According to an interview Steve gave to a magazine in 1981, one of his heroes is Clint Eastwood (one of the protagonists of the Where Eagles Dare movie, which is also, one of his favourite movies).

'Where Eagles Dare' has been covered by bands such as Deliverance, Dream Theater, Fozzy, Mystic Force, Night Conquers Day, Spitfire, Týr & The Quill.
Iconic drum intro. Nicko shines through the whole song - immense drumming. Great riff, verses and chorus. The instrumental part is good, but the solo from Dave is not so good. The song works quite well as a opener. 8/10
Nicko is here and he’s instantly showing off. That terrific drum intro launches a really killer track with a lot of bite and a lot of firepower. Bruce is sounding more polished here than on TNOTB, which is great. This is truly the first definitive classic of the traditional Iron Maiden sound, with all five members finally here and working together on some great songs. Love that instrumental section, Dave and Adrian are truly amazing players. It’s such a strong song, tremendous stuff. 9/10
This song is better live. While watching some live performances of it, I found this version from 1983 in which Dave plays an extended solo and I have to say I like it better than his studio solo. Those ''wild'' Dave solos are always cool. Also, the machine gun sound effect is missing, which is another improvement imo.

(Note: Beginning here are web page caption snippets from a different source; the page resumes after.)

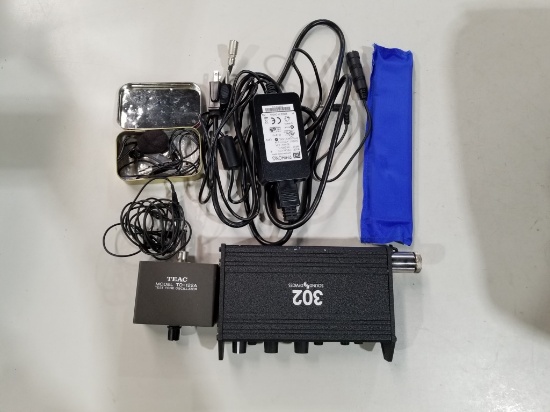 Sound Equipment w/ Cables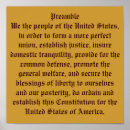 Search for constitution preamble posters We the people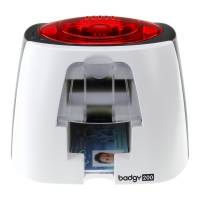 Evolis Badgy 200 Kartendrucker, einseitig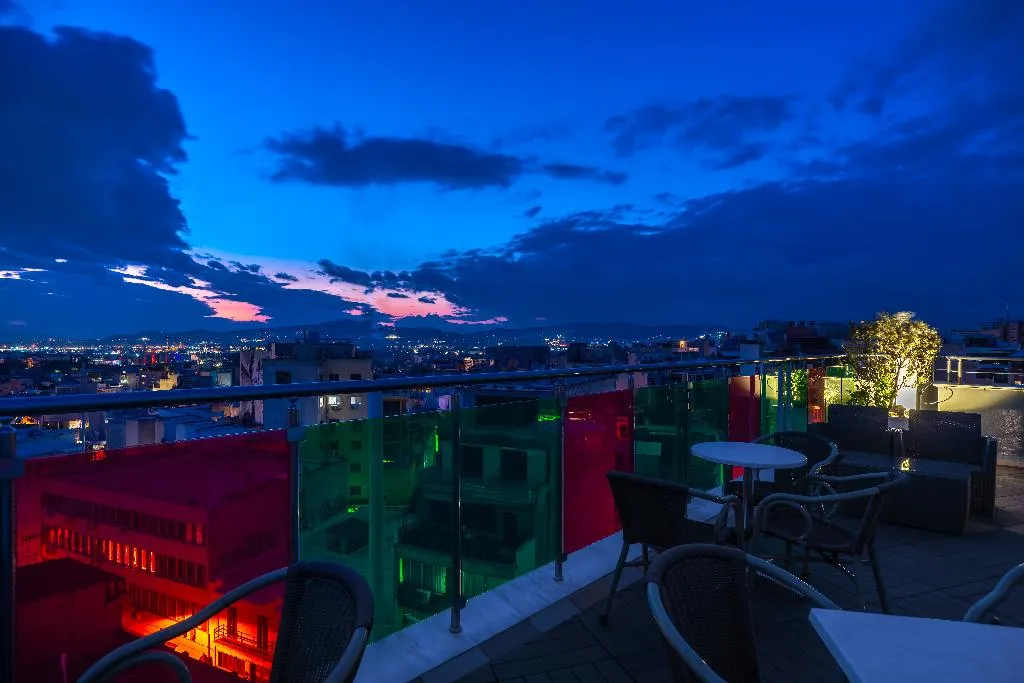 Bar, Attalos Hotel, Athens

I can't think of another song for which one of the guitarists played an extended version of their studio solo.

Nicko introduces himself with the iconic drum intro, immediately delivering some very demanding drum parts showing that Iron Maiden have entered a higher level. This album features some of Bruce's finest moments and is probably my favorite of his 80's performances, despite liking other albums more.

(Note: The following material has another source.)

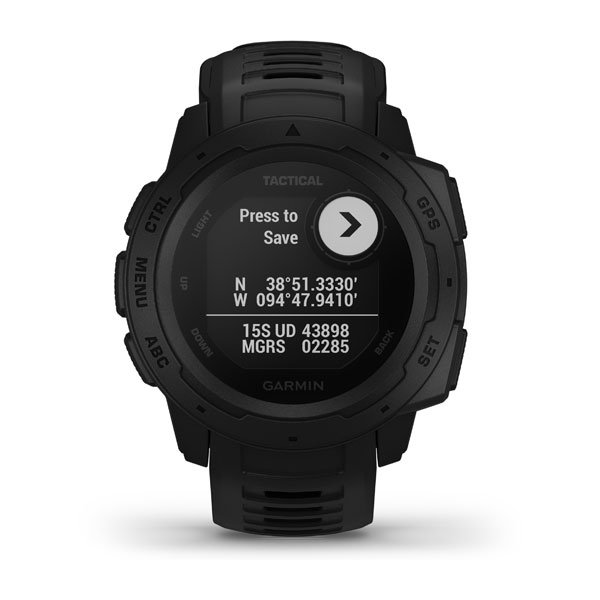 Фото часов Garmin Instinct Tactical 010-02064-70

This song has potential, but I never really got into it. I despise it when songs keep using sound effects like sirens, helicopter noises or gun shots in a song, so the sounds during the solos is strike number one. Strike two would be the never ending repetitions of the riffs during the middle section. I'm sorry; the riffs are nice, but they aren't interesting enough to warant so much repetition. You could cut half of the repetitions, as in go into the harmonies after one instead of two playthroughs, and the song would benefit from it. Not a fan of the verses either, I only really like the last half of each. Basically, what could be seen as a "chorus". WED also suffers from something that we'll see a ton in the rest of Maiden's career: Songs that sound amazing on the record, but are next to impossible to actually perform in a live setting. I adore Bruce and he's my favorite vocalist, but the vocals on WED (along with some other songs that I'll mention when I get to them) have never sounded pleasant in a live setting. All in all a weak start to this album, a 4.
I was surfing the web and I found this Instructional video of Tommy Aldridge playing the fantastic Over the Mountain and I was asking myself if Nicko took inspiration in Lee Kerslake drum intro. What do you think?